To do: Pictures aside, quote the whole listing exactly.

Provided data:
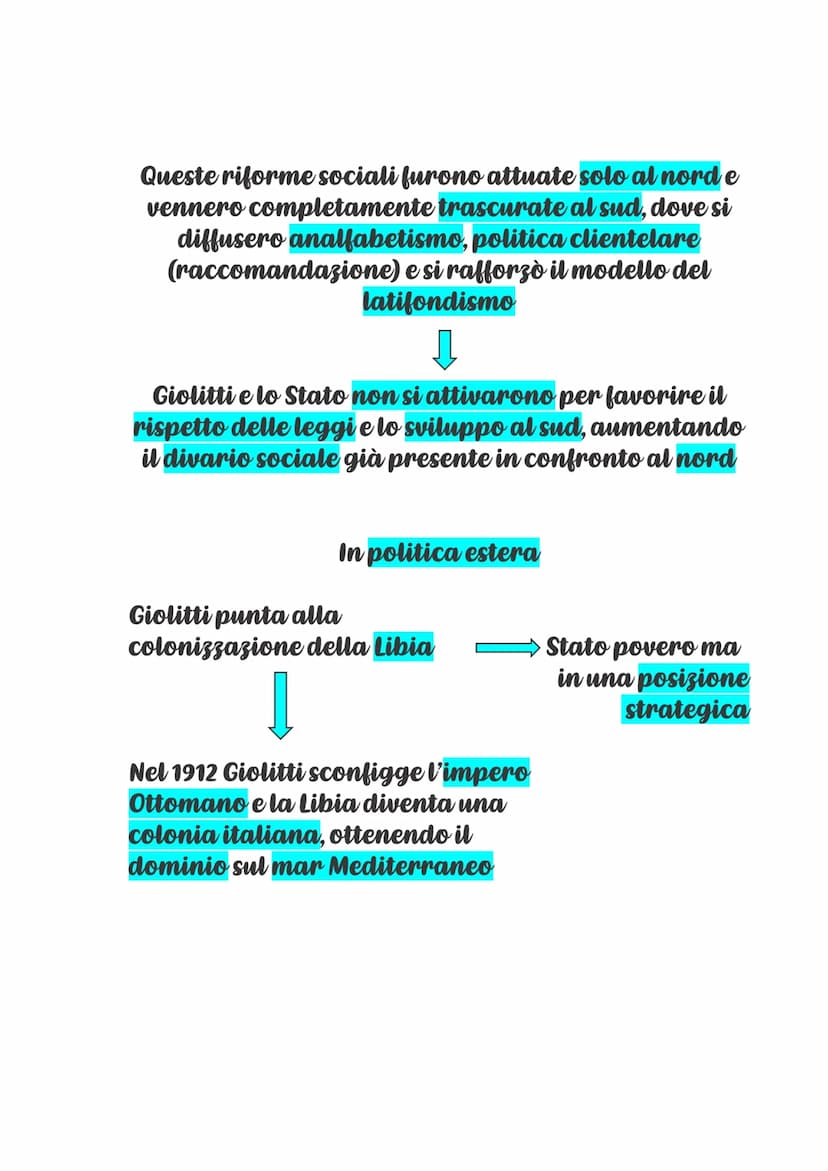GIOVANNI GIOLITTI
Sali al potere nel 1900 come Ministro degli interni
e nel 1903 come Capo del Governo
Convinto che i lavoratori siano parte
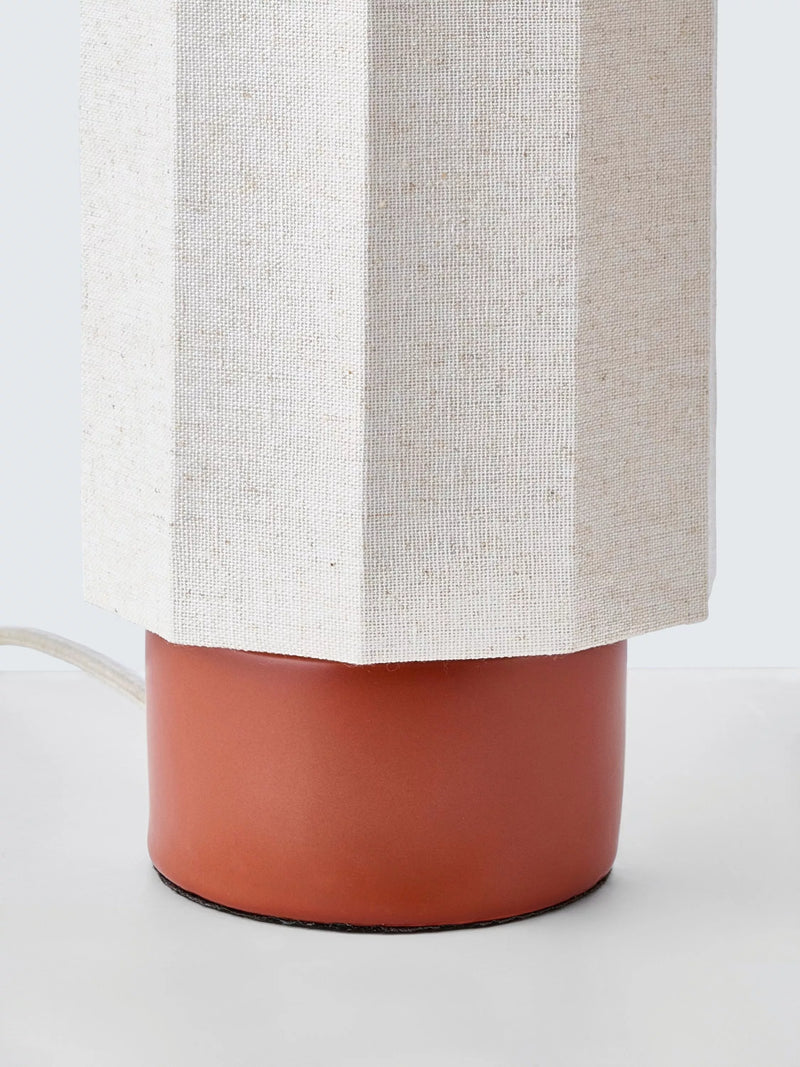 John Lewis Deca ceramic base table lamp with linen shade 31cm - British product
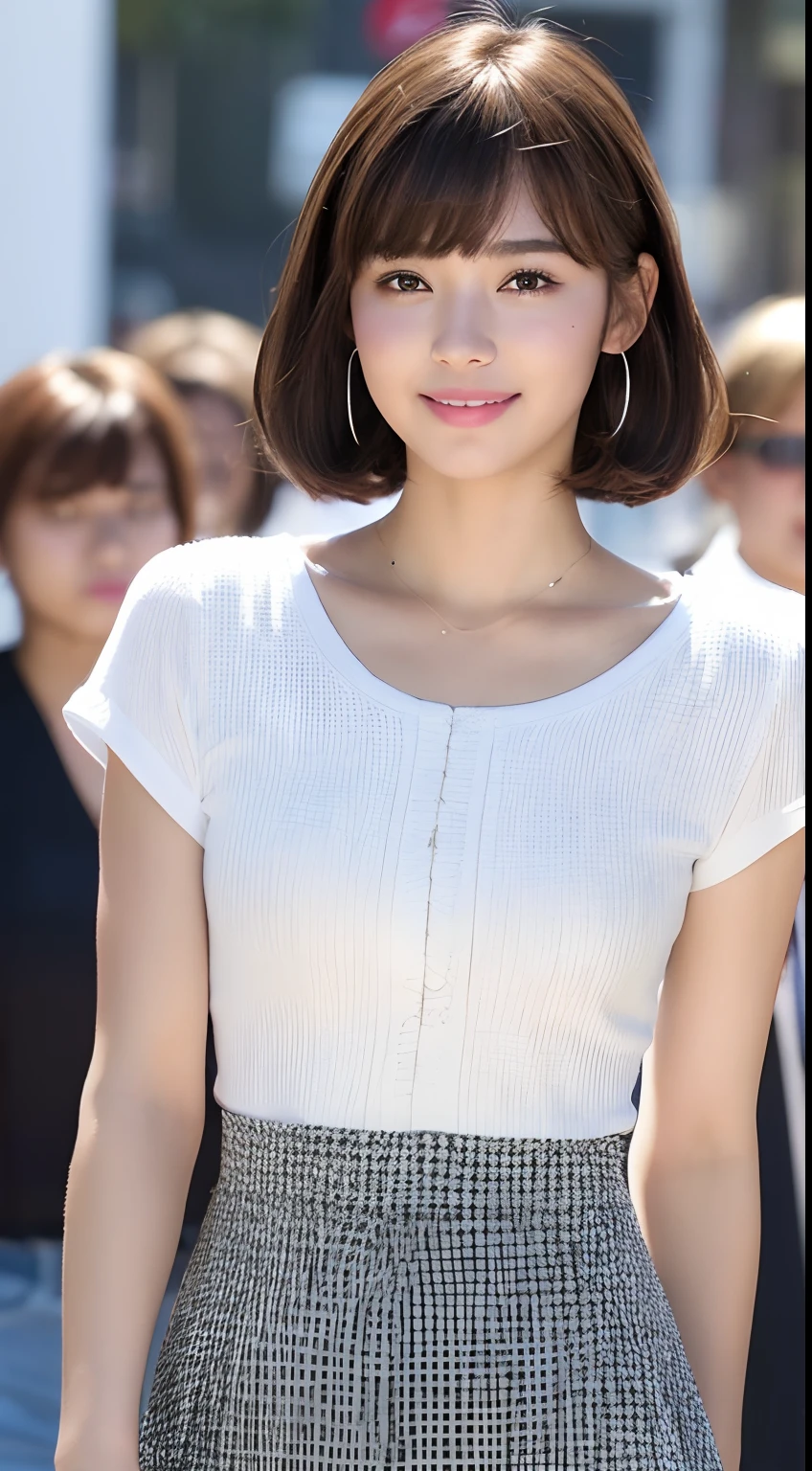 (8K、Raw photography、top-quality、masuter piece:1.2)、ultra-detailliert、ultra res、(realisitic、rialistic photo:1.37)、portlate、high-definition RAW color photography、Professional Photography、highly detailed and beautiful、ighly detailed、8K Picture Wallpaper、amazing detailed、huge filesize、Official art、Highly detailed CG Unity 8K wallpapers、highly detailed beautiful girl、extra detailed face、extremely detailed eye、highlydetailed skin、extremely detailed fingers、highly detailed nose、very detailed detailed mouth、Perfect Anatomy、highly detailed back ground、Highly detailed clothing、女の子 1 人、(18:1.2)、Teen、Cute little girl s、famous Japan idol、cute little、Realistic body、小柄、de pele branca、glistning skin、Slim body、Handsome body、brown haired、short constricted curly hair、(Blunt bangs:1.2)、A smile、kawaii、zora々Right、kawaii faces、Lifelike face、Delicat eyes、Sauce order、White T-shirt、skirt by the、耳Nipple Ring、Looking at the camera、cowboy  shot、front facing、Standing、Contrapo, high street, public, 动态照明,short-hair、bobhair、shorth hair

Worked solution:
GIOVANNI GIOLITTI
Sali al potere nel 1900 come Ministro degli interni
e nel 1903 come Capo del Governo
Convinto che i lavoratori siano parte
 John Lewis Deca ceramic base table lamp with linen shade 31cm - British product
 (8K、Raw photography、top-quality、masuter piece:1.2)、ultra-detailliert、ultra res、(realisitic、rialistic photo:1.37)、portlate、high-definition RAW color photography、Professional Photography、highly detailed and beautiful、ighly detailed、8K Picture Wallpaper、amazing detailed、huge filesize、Official art、Highly detailed CG Unity 8K wallpapers、highly detailed beautiful girl、extra detailed face、extremely detailed eye、highlydetailed skin、extremely detailed fingers、highly detailed nose、very detailed detailed mouth、Perfect Anatomy、highly detailed back ground、Highly detailed clothing、女の子 1 人、(18:1.2)、Teen、Cute little girl s、famous Japan idol、cute little、Realistic body、小柄、de pele branca、glistning skin、Slim body、Handsome body、brown haired、short constricted curly hair、(Blunt bangs:1.2)、A smile、kawaii、zora々Right、kawaii faces、Lifelike face、Delicat eyes、Sauce order、White T-shirt、skirt by the、耳Nipple Ring、Looking at the camera、cowboy  shot、front facing、Standing、Contrapo, high street, public, 动态照明,short-hair、bobhair、shorth hair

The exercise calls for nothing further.